*DATA PROVIDED*:
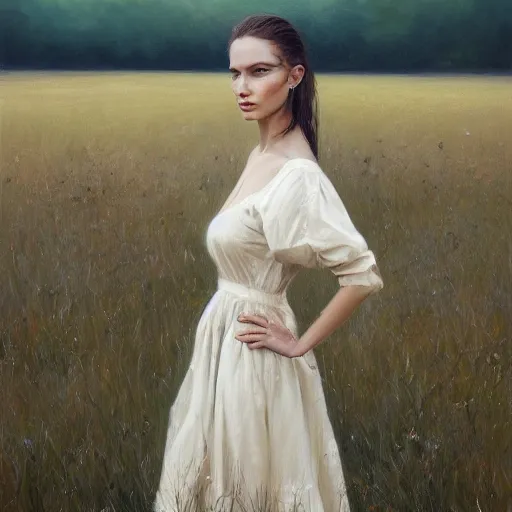 Image similar to a vogue model in a field, oil painting, pale colors, high detail, 8 k, wide angle, trending on artstation,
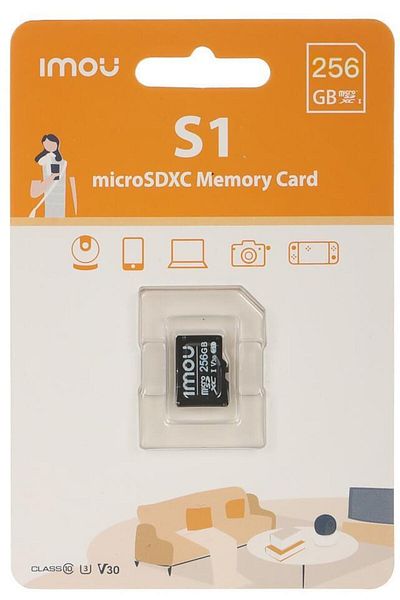 Imou بطاقة ذاكرة Micro SDXC بسعة 256 جيجابايت / متوافقة مع معدات تسجيل الفيديو فئة 10، U3، V30 (ST2-256-S1)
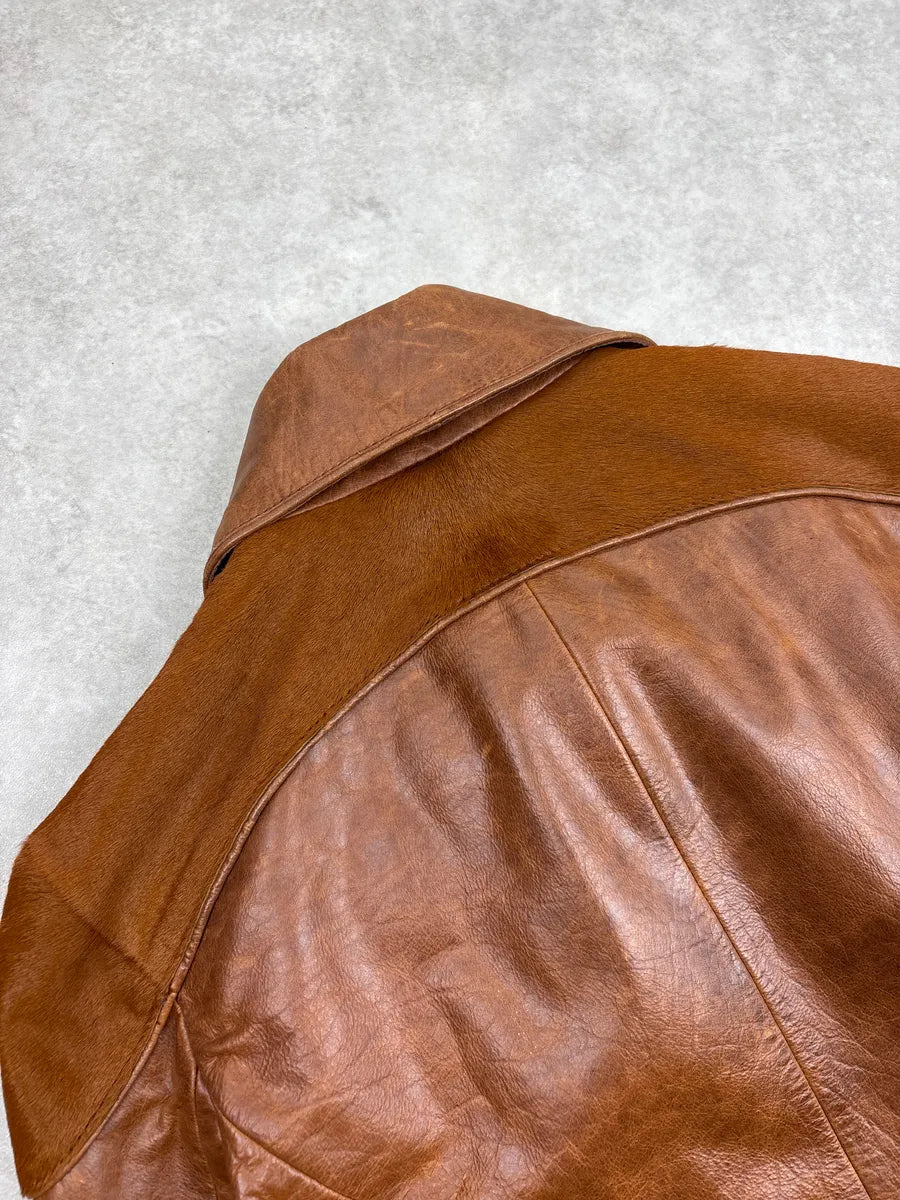 2000s Roberto Cavalli Brown Asymmetric Pony Hair Leather Jacket YqvxYnNL 8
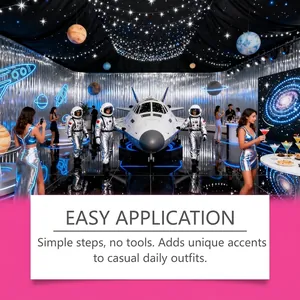 Detailed view of futuristic lightning temporary tattoos shown at a space-themed event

*THE PROBLEM*: Restate verbatim the lines that begin at the one holding "2000s Roberto Cavalli" and end at the last line of the material. Exclude pictures.

*EXPECTED OUTPUT*:
 2000s Roberto Cavalli Brown Asymmetric Pony Hair Leather Jacket YqvxYnNL 8
 Detailed view of futuristic lightning temporary tattoos shown at a space-themed event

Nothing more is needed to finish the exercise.